Mas há outros setores em que o seu governo fracassa, como a segurança pública. Só no último ano os homicídios cresceram 18%.

O que é de estrita responsabilidade do poder público é mais fácil. Construir uma escola, comprar equipamento e colocar professores só depende do poder público. Já segurança não depende só da infraestrutura. Eu dupliquei o número de delegacias de polícia e a melhora não apareceu. Há um fenômeno de chegada do crack no Nordeste e no Norte — 75% dos homicídios estão relacionados ao narcotráfico. Se não tivesse havido tanto investimento, estaria ainda pior.


0 senhor defende uma reforma política que fortaleça os partidos, mas acaba de se filiar ao Pros, um partido de aluguel. Não é uma contradição?

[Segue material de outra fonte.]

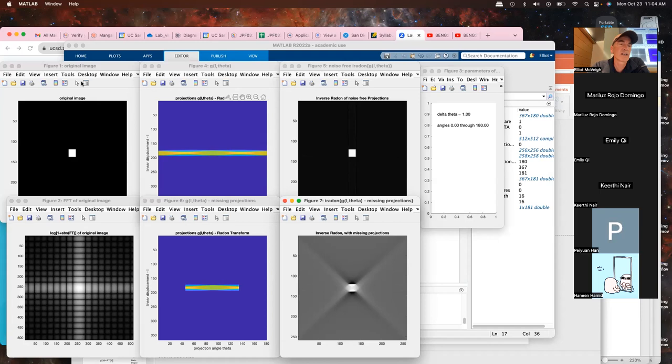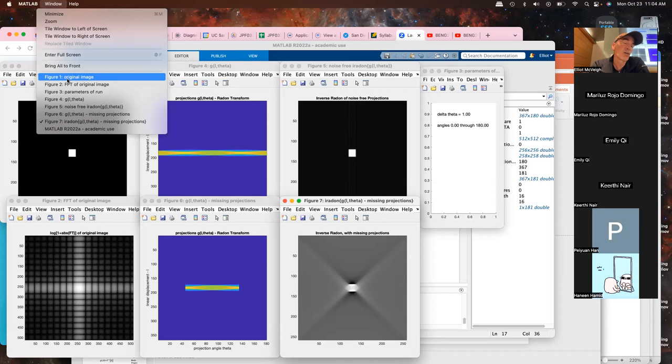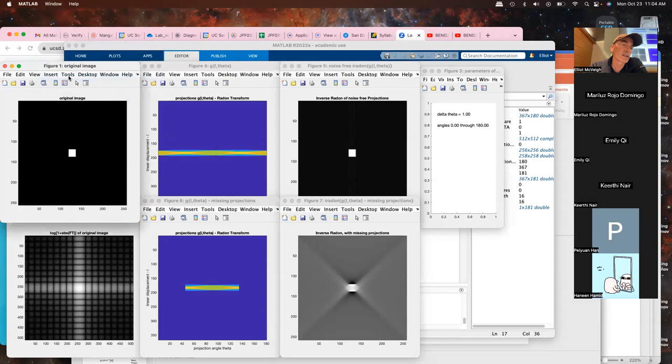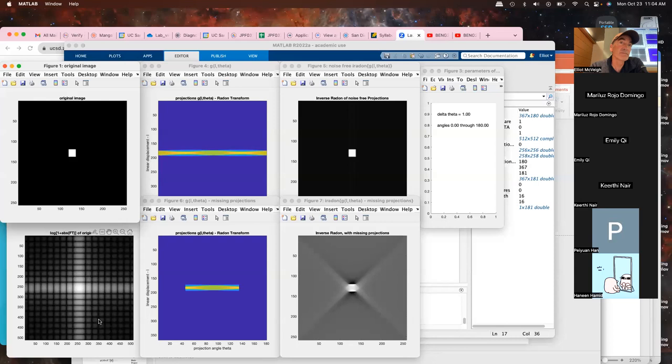In MATLAB, you can give your script a title so that when you pull down the figure list you know what you're looking at. Figure one is the original image — a 256×256 central square that is 16×16 pixels. We can also look at its Fourier transform to see what this thing looks like in Fourier space.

Eu não tinha de mudar de partido, mas fui forçado a deixar o PSB. Aí fui ver as alternativas e o Pros foi a melhor escolha possível. É um pequeno esforço de criar um partido que lute pela redução de impostos. No absoluto, isso contrasta com o que eu penso. Defendo a necessidade de um Estado forte, Estado forte pressupõe impostos.

Mas um partido que defende um Estado mais forte não é justamente o PSB?

Eu me identifico com o PSB, mas não tinha como ficar e apoiar a candidatura de Eduardo Campos.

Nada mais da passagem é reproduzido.